##### MATERIAL FOR THIS EXERCISE #####

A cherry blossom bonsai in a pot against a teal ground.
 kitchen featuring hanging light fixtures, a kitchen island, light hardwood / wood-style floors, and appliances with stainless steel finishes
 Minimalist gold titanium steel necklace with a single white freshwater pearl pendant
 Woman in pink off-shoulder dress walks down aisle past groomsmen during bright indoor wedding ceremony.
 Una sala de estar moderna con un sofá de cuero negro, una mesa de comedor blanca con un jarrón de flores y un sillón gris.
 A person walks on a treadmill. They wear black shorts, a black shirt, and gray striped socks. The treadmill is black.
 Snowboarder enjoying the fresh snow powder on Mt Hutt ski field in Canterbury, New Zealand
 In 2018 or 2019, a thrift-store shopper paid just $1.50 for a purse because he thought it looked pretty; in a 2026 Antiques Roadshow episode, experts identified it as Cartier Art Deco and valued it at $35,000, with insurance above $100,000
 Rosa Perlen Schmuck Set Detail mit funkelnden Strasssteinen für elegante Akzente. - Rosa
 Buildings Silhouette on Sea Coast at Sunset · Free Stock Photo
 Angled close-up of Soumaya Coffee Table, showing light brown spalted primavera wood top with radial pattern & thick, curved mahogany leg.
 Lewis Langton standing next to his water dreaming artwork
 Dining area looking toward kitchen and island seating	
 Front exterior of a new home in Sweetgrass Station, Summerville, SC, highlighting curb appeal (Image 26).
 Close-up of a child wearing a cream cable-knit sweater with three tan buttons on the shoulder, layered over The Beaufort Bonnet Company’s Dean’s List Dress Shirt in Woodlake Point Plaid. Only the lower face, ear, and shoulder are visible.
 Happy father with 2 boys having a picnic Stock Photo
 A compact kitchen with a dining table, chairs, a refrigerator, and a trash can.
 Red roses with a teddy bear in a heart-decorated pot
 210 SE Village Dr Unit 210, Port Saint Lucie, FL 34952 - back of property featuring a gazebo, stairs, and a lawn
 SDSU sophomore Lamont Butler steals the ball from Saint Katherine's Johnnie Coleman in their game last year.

#####

### TO DO:
Set all the data down again, exactly as it reads above.

### SOLUTION FOR THIS PROBLEM:
A cherry blossom bonsai in a pot against a teal ground.
 kitchen featuring hanging light fixtures, a kitchen island, light hardwood / wood-style floors, and appliances with stainless steel finishes
 Minimalist gold titanium steel necklace with a single white freshwater pearl pendant
 Woman in pink off-shoulder dress walks down aisle past groomsmen during bright indoor wedding ceremony.
 Una sala de estar moderna con un sofá de cuero negro, una mesa de comedor blanca con un jarrón de flores y un sillón gris.
 A person walks on a treadmill. They wear black shorts, a black shirt, and gray striped socks. The treadmill is black.
 Snowboarder enjoying the fresh snow powder on Mt Hutt ski field in Canterbury, New Zealand
 In 2018 or 2019, a thrift-store shopper paid just $1.50 for a purse because he thought it looked pretty; in a 2026 Antiques Roadshow episode, experts identified it as Cartier Art Deco and valued it at $35,000, with insurance above $100,000
 Rosa Perlen Schmuck Set Detail mit funkelnden Strasssteinen für elegante Akzente. - Rosa
 Buildings Silhouette on Sea Coast at Sunset · Free Stock Photo
 Angled close-up of Soumaya Coffee Table, showing light brown spalted primavera wood top with radial pattern & thick, curved mahogany leg.
 Lewis Langton standing next to his water dreaming artwork
 Dining area looking toward kitchen and island seating	
 Front exterior of a new home in Sweetgrass Station, Summerville, SC, highlighting curb appeal (Image 26).
 Close-up of a child wearing a cream cable-knit sweater with three tan buttons on the shoulder, layered over The Beaufort Bonnet Company’s Dean’s List Dress Shirt in Woodlake Point Plaid. Only the lower face, ear, and shoulder are visible.
 Happy father with 2 boys having a picnic Stock Photo
 A compact kitchen with a dining table, chairs, a refrigerator, and a trash can.
 Red roses with a teddy bear in a heart-decorated pot
 210 SE Village Dr Unit 210, Port Saint Lucie, FL 34952 - back of property featuring a gazebo, stairs, and a lawn
 SDSU sophomore Lamont Butler steals the ball from Saint Katherine's Johnnie Coleman in their game last year.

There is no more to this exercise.